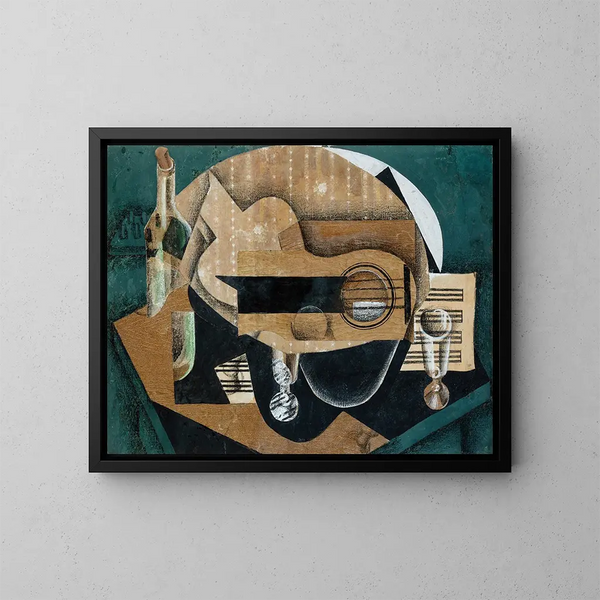 Jedna gitara, okulary i butelka - Juan Gris — oprawiony obraz na ścianie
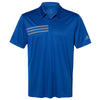 Adidas Men's Collegiate Royal/Grey Three 3 Stripe Chest Polo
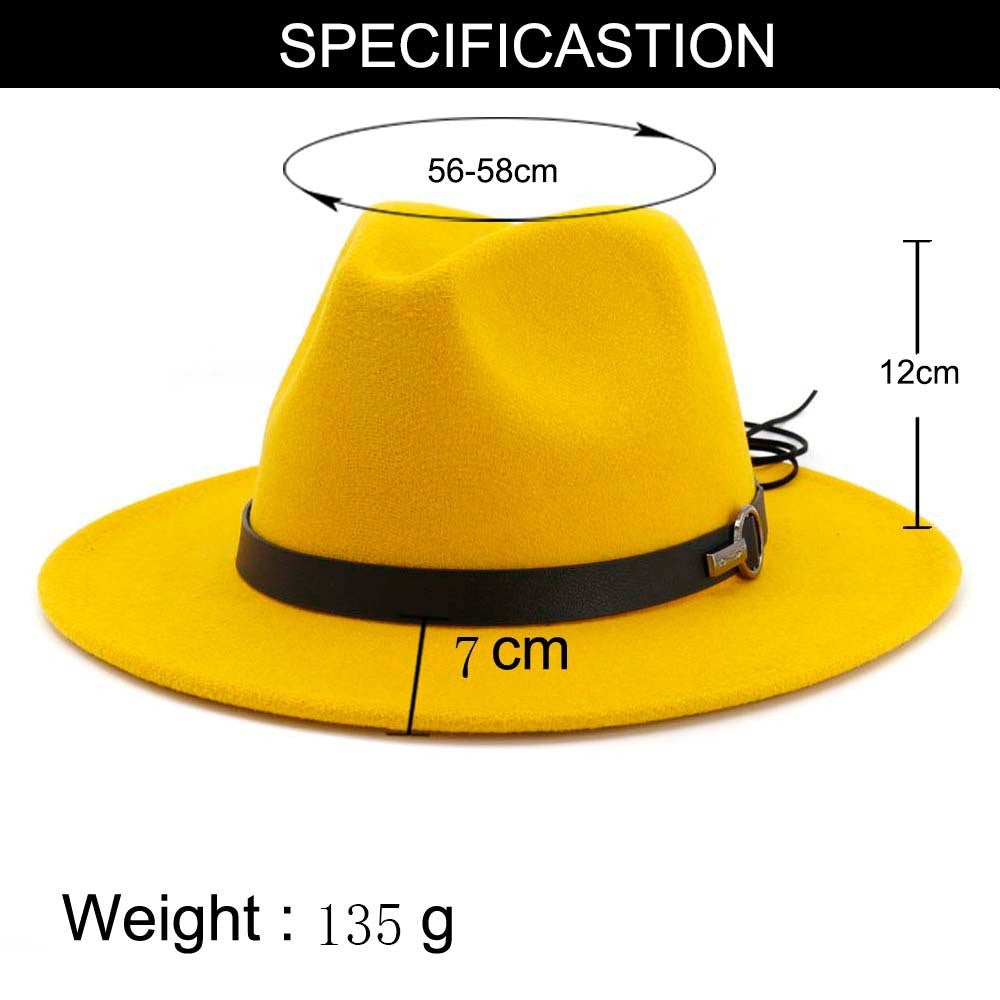 QBHAT Women Men Wide Brim Wool Felt Jazz Fedora Hats Panama Style Cowboy Trilby Party formal Dress Hat Large Size Yellow white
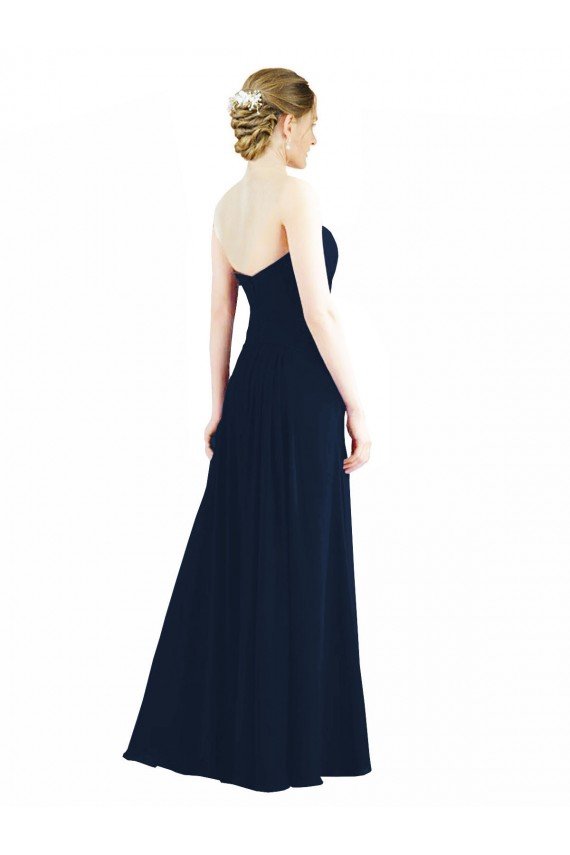 Outlet Sweetheart Neckline Draped Floor Length Chiffon Bridesmaid Dress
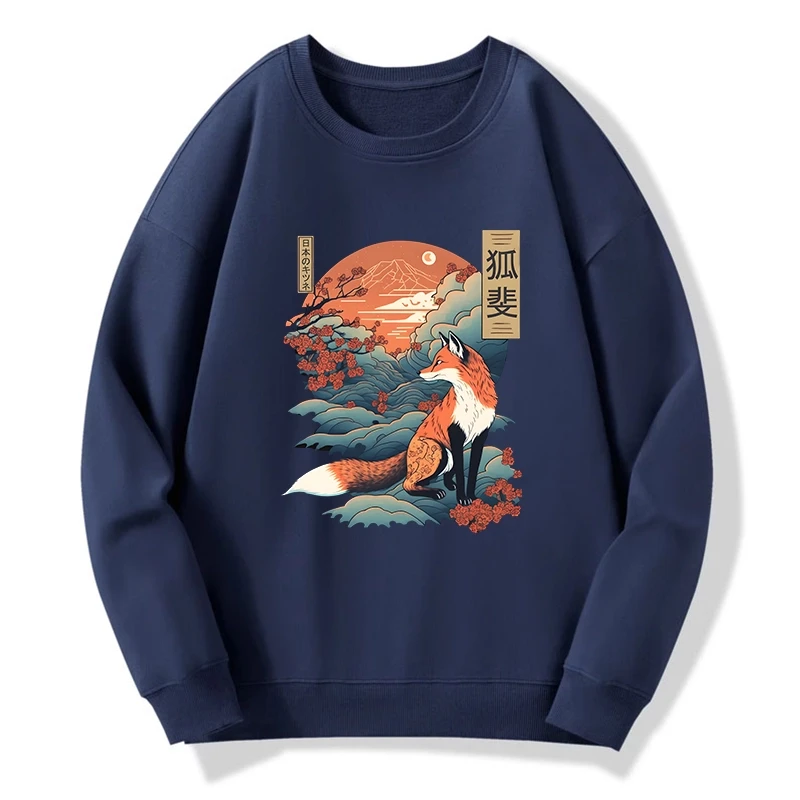 Japanese Kitsune Fox Sakura Sweatshirt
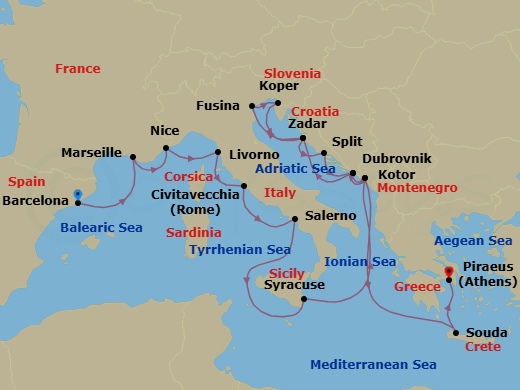 21 Night - Mediterranean Combination Cruise : Florence, Dubrovnik & Athens - Azamara Onward - Starting in Barcelona, Provence (Marseille), Nice, Florence / Pisa (Livorno), Rome (Civitavecchia), Amalfi Coast (Salerno), Siracusa, Sicily, Kotor, Dubrovnik, Croatia, Zadar, Venice (Fusina), Koper, Zadar, Split, Dubrovnik, Croatia, Kotor, Chania (Souda), Crete, Athens (Piraeus) itinerary map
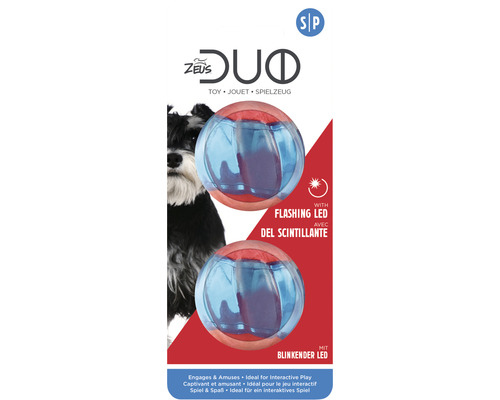 Hundespielzeug Zeus Duo Ball mit LED 2 Stk. Gummi 5 cm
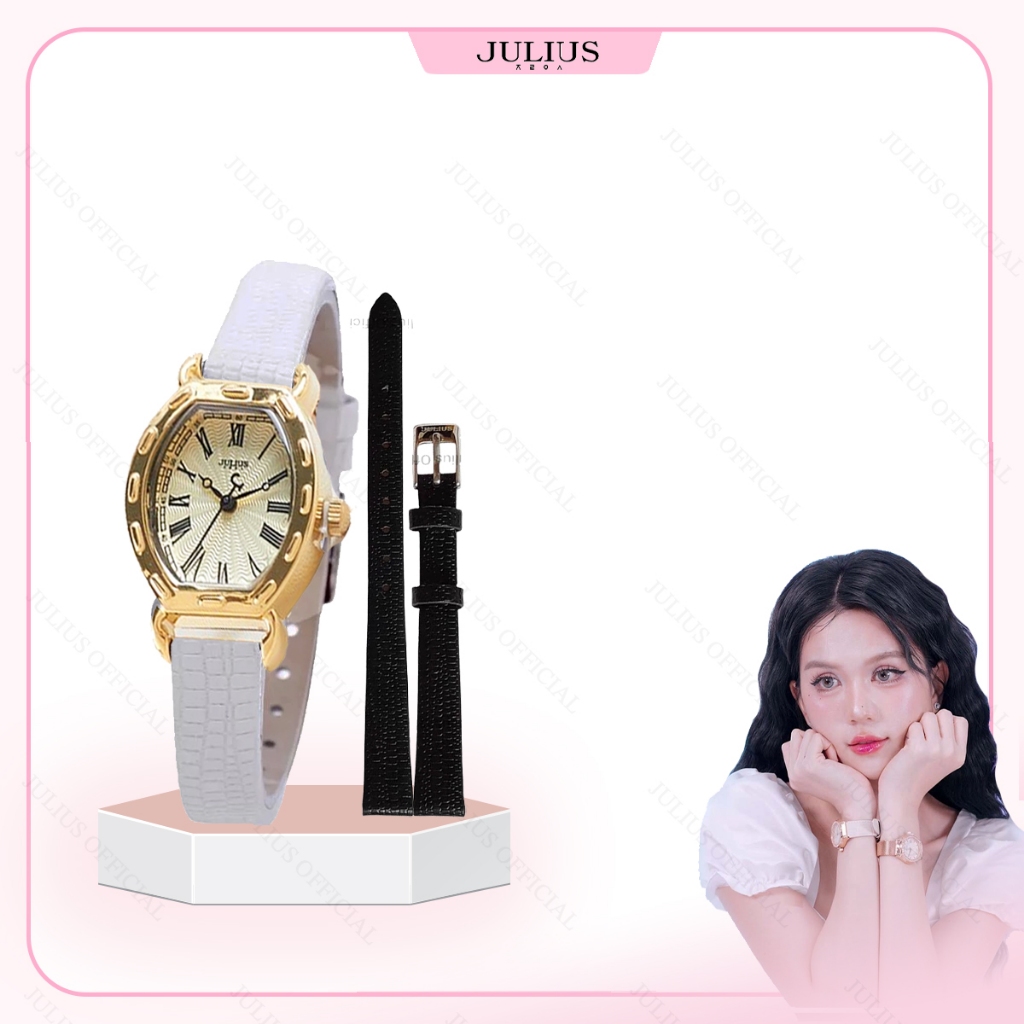 Combo Đồng hồ nữ Julius JA-544 dây da trắng + dây da đen | Julius Official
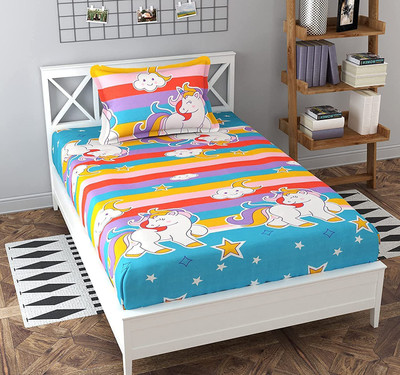 Decent Home 200 TC Microfiber Single Cartoon Flat Bedsheet(Pack of 1, Multicolor)
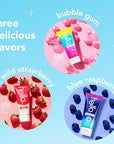 hello Kids Fluoride Toothpaste Variety Pack, Includes Strawberry, Unicorn Bubble Gum, and Blue Raspberry Toothpastes, Safe for Ages 2 and Up, 3 Pack, 4.2 Oz Each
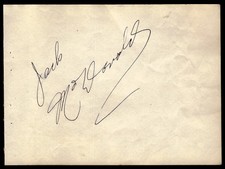 Jack Sockeye McDonald d. 1960 Pro Wrestling Signed 4 x 6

====================

Required action
Could you return each entry word for word, with the images omitted?

Solution to this exercise
 Jedna gitara, okulary i butelka - Juan Gris — oprawiony obraz na ścianie
 Adidas Men's Collegiate Royal/Grey Three 3 Stripe Chest Polo
 QBHAT Women Men Wide Brim Wool Felt Jazz Fedora Hats Panama Style Cowboy Trilby Party formal Dress Hat Large Size Yellow white
 Outlet Sweetheart Neckline Draped Floor Length Chiffon Bridesmaid Dress
 Japanese Kitsune Fox Sakura Sweatshirt
 21 Night - Mediterranean Combination Cruise : Florence, Dubrovnik & Athens - Azamara Onward - Starting in Barcelona, Provence (Marseille), Nice, Florence / Pisa (Livorno), Rome (Civitavecchia), Amalfi Coast (Salerno), Siracusa, Sicily, Kotor, Dubrovnik, Croatia, Zadar, Venice (Fusina), Koper, Zadar, Split, Dubrovnik, Croatia, Kotor, Chania (Souda), Crete, Athens (Piraeus) itinerary map
 Hundespielzeug Zeus Duo Ball mit LED 2 Stk. Gummi 5 cm
 Combo Đồng hồ nữ Julius JA-544 dây da trắng + dây da đen | Julius Official
 Decent Home 200 TC Microfiber Single Cartoon Flat Bedsheet(Pack of 1, Multicolor)
 hello Kids Fluoride Toothpaste Variety Pack, Includes Strawberry, Unicorn Bubble Gum, and Blue Raspberry Toothpastes, Safe for Ages 2 and Up, 3 Pack, 4.2 Oz Each
 Jack Sockeye McDonald d. 1960 Pro Wrestling Signed 4 x 6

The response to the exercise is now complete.